The folks at smart research analysts Memoori facilitated the collaboration with Vanti and LMG behind this Version 1 Smart Building Project Canvas above. What’s interesting about Vanti and LMG is that they are Master Systems Integrators (MSIs) that could be seen as being ‘The Application Providers’ from the 3 types of MSIs highlighted by Nexus Labs. That’s because both have a ‘platform’ although the difference between those highlights how platform might mean different things to different people. But that is one for another post.
Those MSI types are based on a presentation to the Nexus Labs community by Andrew Knueppel of Cushman Wakefield about the procuring MSI services for clients and that is also the backdrop to the canvas Memoori facilitated (see more below).
What interests me is the where both Vanti and LMG have come from representing the convergence going on in smart buildings. Vanti have a background in AV integration, whereas LMG come from Enterprise Networking and the integration of (passive) infrastructure. I mention this because those trajectories are not really represented by the way Nexus Labs describe the 3 types of MSIs and because Vanti and LMG’s respective perspectives could be seen as different from those who comes at this from Mechanical Electrical Engineering.
The Open Source idea behind Memoori’s Smart Building Canvas was to release a document under the creative commons license and encourage others to directly collaborate and add to the document by hosting it on GitHub (see here).
It’s purpose was to help ‘beginners’ avoid common mistakes when embarking on smart building projects. That’s because having spoken to MSIs, Memoori found they often said that clients can come to them without much idea of what they want to achieve beyond just wanting a ‘smart’ building.

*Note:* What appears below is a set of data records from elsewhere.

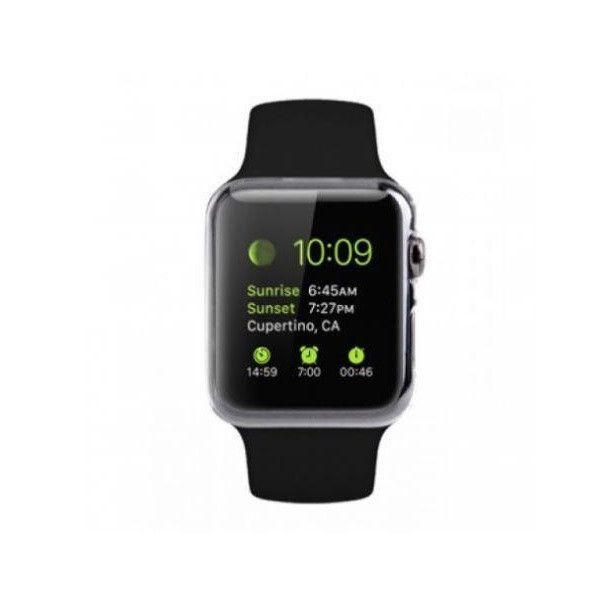 Чохол Melkco Air PC для Apple Watch 1 38mm Transparent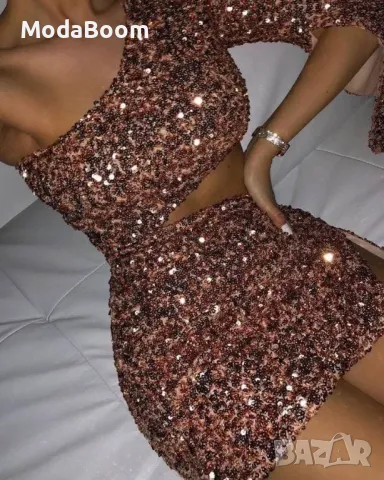 Дамска рокля , снимка 2 - Рокли - 48951032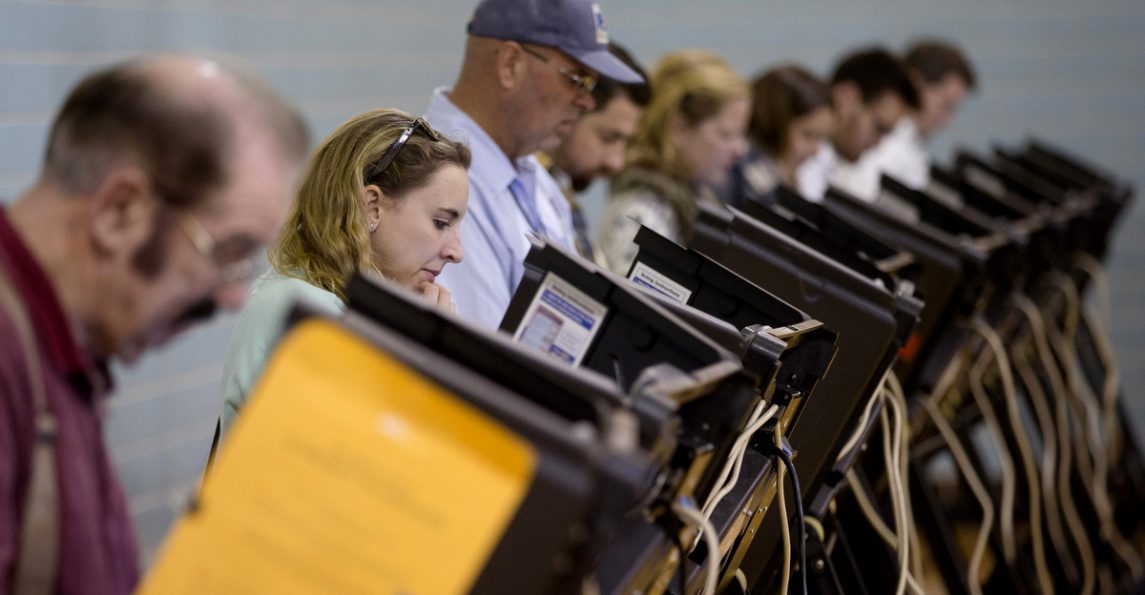 New Law Could Send Armed Secret Service Agents to Polling Places
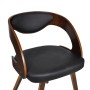 Sillas de comedor 2 unidades cuero sintético marrón de vidaXL, Sillas de comedor - Ref: Foro24-240706, Precio: 270,80 €, Desc...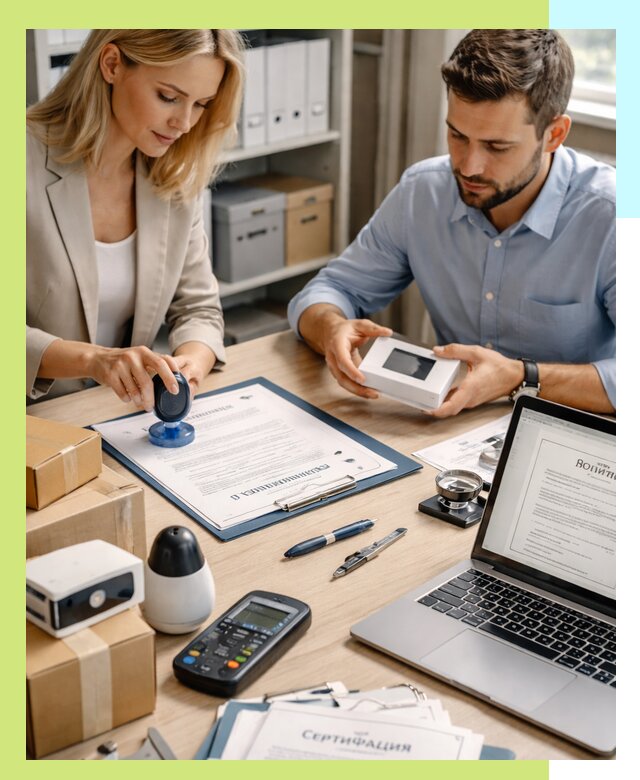 Получение сертификата соответствия на товар в Железногорске быстро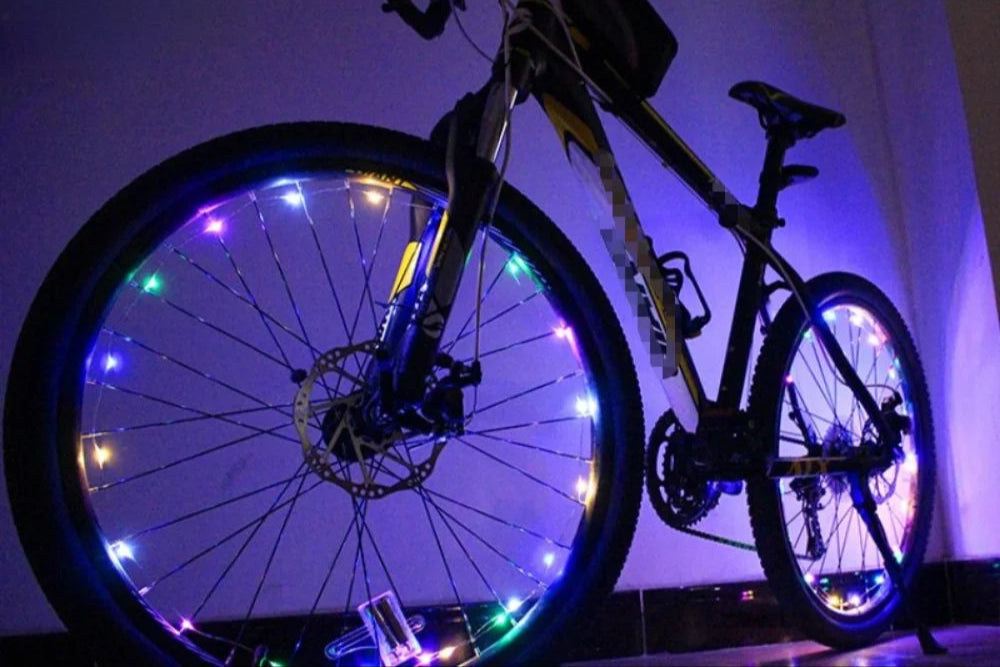 Bicycle Hot Wheel Lights 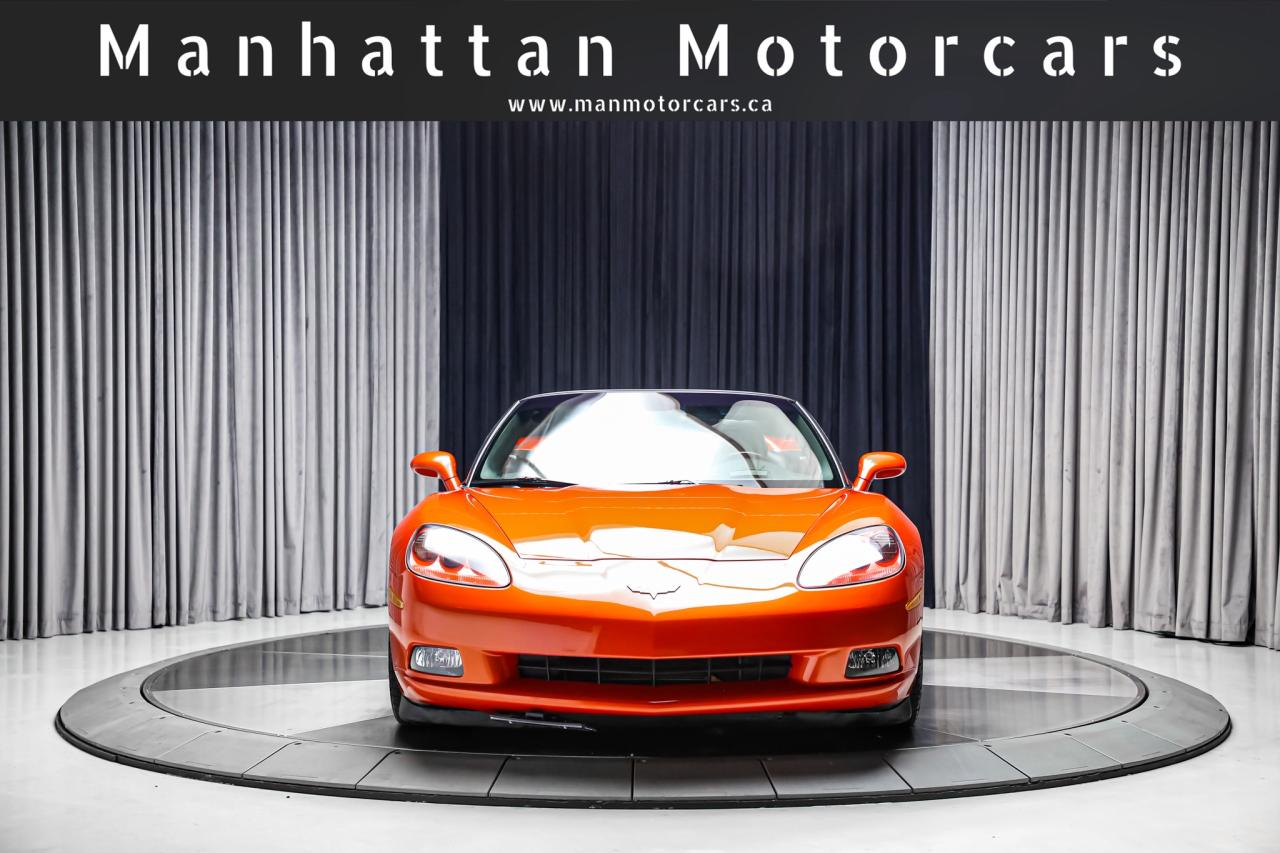 2012 Chevrolet Corvette 3LT CONVERTIBLE MANUAL  NOACCIDENT LOWKM RARECOLOR Photo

My take is that collaborations like this require facilitating given potential collaborators have day jobs and are often involved in other initiatives driven by organisations, such as their respective trade bodies. Finding funding for that facilitation is therefore no mean feat and I can’t help think that something along these lines might be a bigger job-to-be-done by those bodies or those that have relevant Accredited Professional programmes and/or certify/accredit consultants, i.e. as part of what the Accredited Professional programmes cover and/or how they certify/accredit consultants.
That all said, I think this canvas and other frameworks I am sharing on here could also all feed into some kind of best practice guide. But for now these posts are just ‘notes to self’ about different lenses that look at who does what for whom with what, how, when, where and why.